According to Answers.com “consequented” is not a word, but I have decided to change that.
[kon-si-kwen-ted]
verb
1. to receive a consequence in a situation that one knew was morally wrong, but one expected to get away with it due to historical precedent. Usually having to do with histories of oppression where the victim belongs to a group whose rights have not traditionally been enforced under the law and/or where the perpetrator belongs to a group who has not historically been expected to obey the law: Leona Helmsley got consequented for tax evasion.
2. the act of reconnecting a behavior and the consequence in the public understanding: if you rape, sexually abuse or sexually harass women, you might go to jail and/or lose your job. Even if you are more powerful or deemed more credible than your victims.
3. a line of reasoning very difficult for the perpetrator and his defenders/apologists/yes-men to understand: how could this possibly be true? But he was everyone’s favorite dad. But he was on Star Trek Night. But how can I be found guilty on my birthday? But I was led to believe by the society that I could target this group of women because no one cared about them. But I’ve gotten away with this for so long that I have come to think of myself as innocent.
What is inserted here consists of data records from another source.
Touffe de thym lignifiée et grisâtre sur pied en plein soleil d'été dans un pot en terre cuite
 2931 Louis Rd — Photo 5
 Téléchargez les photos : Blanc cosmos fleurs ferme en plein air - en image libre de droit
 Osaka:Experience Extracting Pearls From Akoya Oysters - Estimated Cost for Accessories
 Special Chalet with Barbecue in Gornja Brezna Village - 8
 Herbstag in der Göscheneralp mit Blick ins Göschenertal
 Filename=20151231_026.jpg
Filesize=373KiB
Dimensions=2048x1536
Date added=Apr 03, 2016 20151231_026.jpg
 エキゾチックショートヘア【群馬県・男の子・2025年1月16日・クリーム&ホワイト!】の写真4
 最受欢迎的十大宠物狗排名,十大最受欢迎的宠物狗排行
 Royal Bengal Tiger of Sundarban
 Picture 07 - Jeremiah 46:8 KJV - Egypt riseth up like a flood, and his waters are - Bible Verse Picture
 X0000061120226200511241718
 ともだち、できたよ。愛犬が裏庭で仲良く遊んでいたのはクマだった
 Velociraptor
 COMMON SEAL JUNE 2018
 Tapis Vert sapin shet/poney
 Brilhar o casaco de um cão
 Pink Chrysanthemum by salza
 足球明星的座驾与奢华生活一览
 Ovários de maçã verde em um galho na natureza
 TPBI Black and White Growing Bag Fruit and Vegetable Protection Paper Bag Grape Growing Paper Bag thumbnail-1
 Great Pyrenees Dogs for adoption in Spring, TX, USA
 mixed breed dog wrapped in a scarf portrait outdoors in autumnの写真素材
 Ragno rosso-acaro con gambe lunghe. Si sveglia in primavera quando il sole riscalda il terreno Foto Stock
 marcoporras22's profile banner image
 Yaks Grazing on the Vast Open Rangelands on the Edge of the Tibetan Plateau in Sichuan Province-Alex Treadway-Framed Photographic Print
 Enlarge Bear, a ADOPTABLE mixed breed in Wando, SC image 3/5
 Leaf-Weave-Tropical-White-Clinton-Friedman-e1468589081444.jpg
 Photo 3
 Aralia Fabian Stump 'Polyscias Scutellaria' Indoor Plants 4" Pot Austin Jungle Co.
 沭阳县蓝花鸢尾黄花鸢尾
For anyone who isn’t familiar with these cases, Bill Cosby faces criminal charges for drugging and raping dozens of women over several decades. Astronomer Geoff Marcy lost his job at UC Berkeley due to over a decade of sexual harassment, and Daniel Holtzclaw faces up to 263 years in prison for sexually abusing African American women as an Oklahoma City cop.
While we didn’t see the kinds of justice we wanted for Tamir Rice or Sandra Bland or any of the African American men and women killed by police, we did see a new level of response from the legal system for these three cases of serial perpetrators of sexual violence.
All three of these abusers assumed that their powerful position would protect them: Cosby in entertainment; Marcy in science; Holtzclaw in law enforcement. Their positions did protect them for years or even decades, but eventually they got consequented. May 2016 continue to be a year of getting consequented for those who act like women’s bodies are for the taking and/or who don’t believe that #BlackLivesMatter.